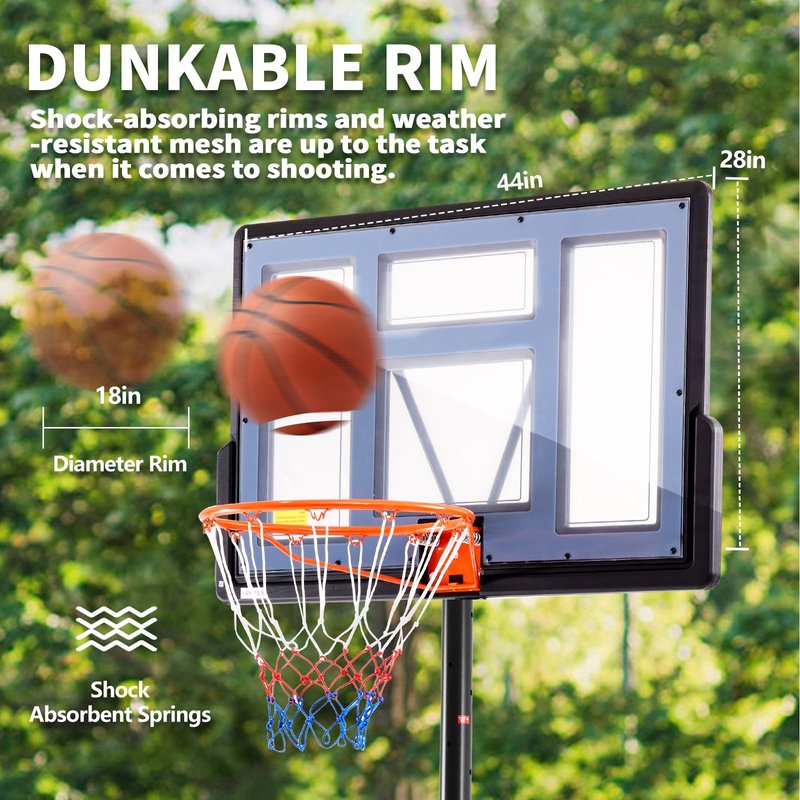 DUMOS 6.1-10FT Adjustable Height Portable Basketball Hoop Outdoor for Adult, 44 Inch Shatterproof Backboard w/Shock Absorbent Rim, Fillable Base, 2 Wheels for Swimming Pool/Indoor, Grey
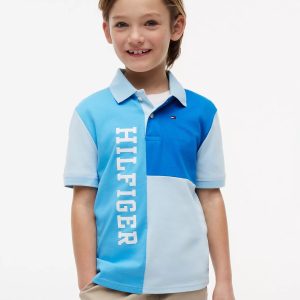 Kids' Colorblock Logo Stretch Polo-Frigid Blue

---

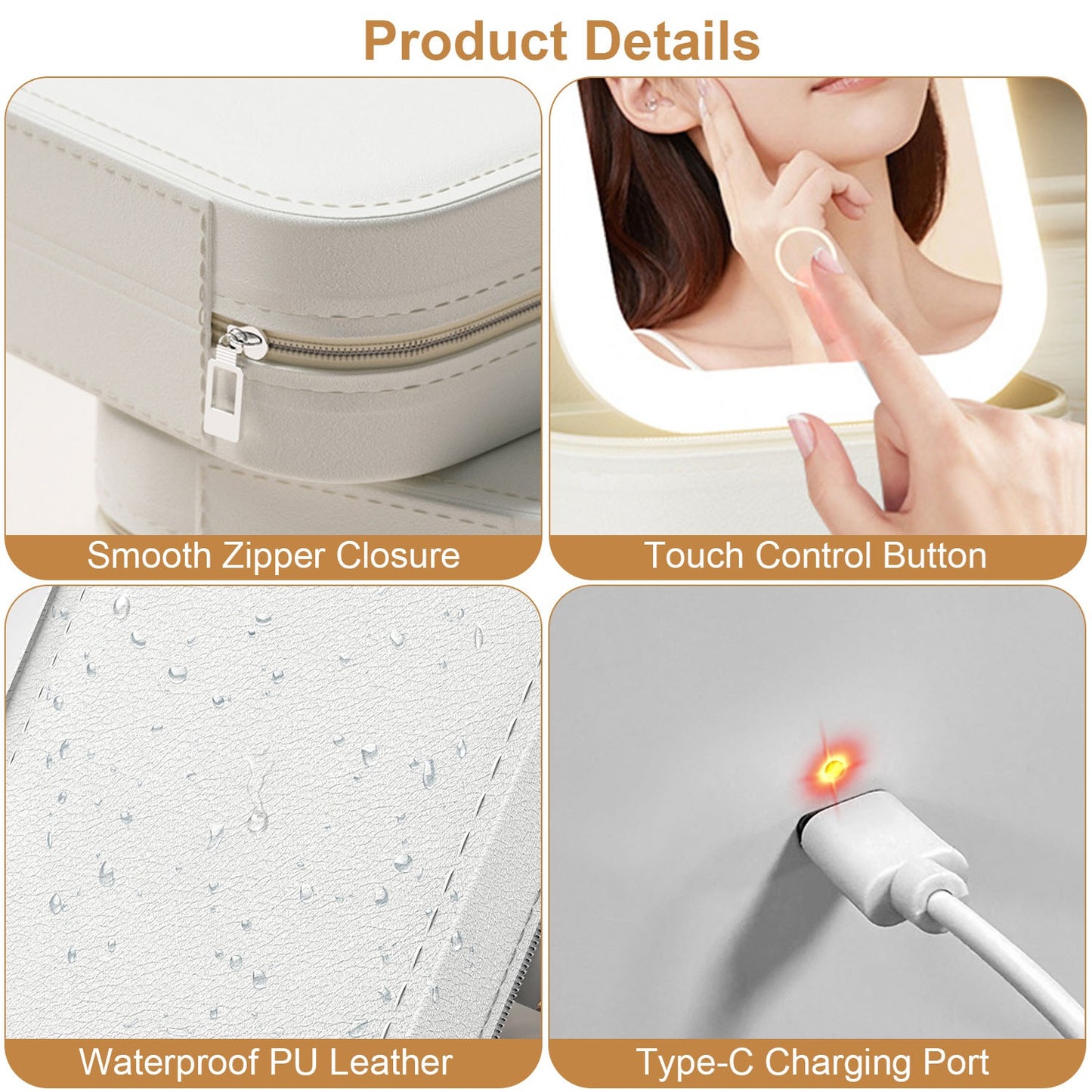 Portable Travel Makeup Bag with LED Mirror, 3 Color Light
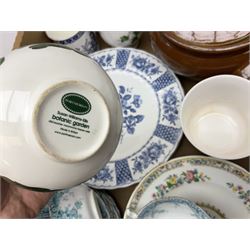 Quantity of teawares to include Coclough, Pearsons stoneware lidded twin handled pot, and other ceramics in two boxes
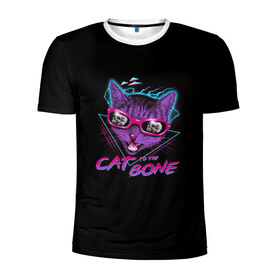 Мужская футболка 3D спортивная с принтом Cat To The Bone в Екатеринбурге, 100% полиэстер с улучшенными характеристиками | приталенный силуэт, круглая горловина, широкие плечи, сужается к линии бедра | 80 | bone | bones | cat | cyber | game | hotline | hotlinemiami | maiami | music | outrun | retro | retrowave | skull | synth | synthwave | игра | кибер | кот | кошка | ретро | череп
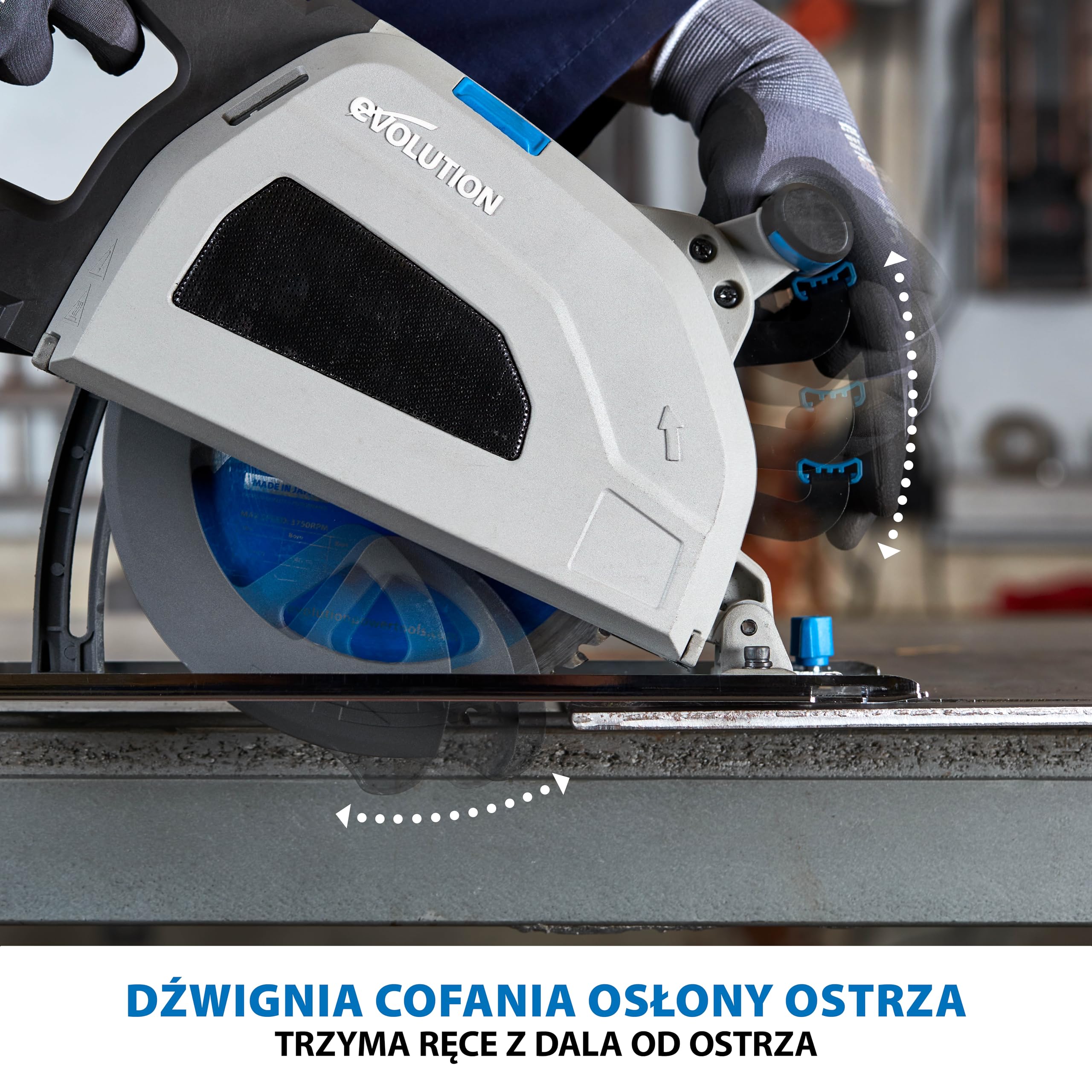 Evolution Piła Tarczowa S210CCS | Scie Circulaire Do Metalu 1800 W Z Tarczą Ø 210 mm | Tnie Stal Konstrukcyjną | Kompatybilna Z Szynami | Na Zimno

Assignment - Only the lines starting at the one that includes "DUMOS 6.1-10FT Adjustable" and ending at the one that includes "Kids' Colorblock Logo" should be retyped, exactly, from the records above; no pictures.

Answer space -
 DUMOS 6.1-10FT Adjustable Height Portable Basketball Hoop Outdoor for Adult, 44 Inch Shatterproof Backboard w/Shock Absorbent Rim, Fillable Base, 2 Wheels for Swimming Pool/Indoor, Grey
 Kids' Colorblock Logo Stretch Polo-Frigid Blue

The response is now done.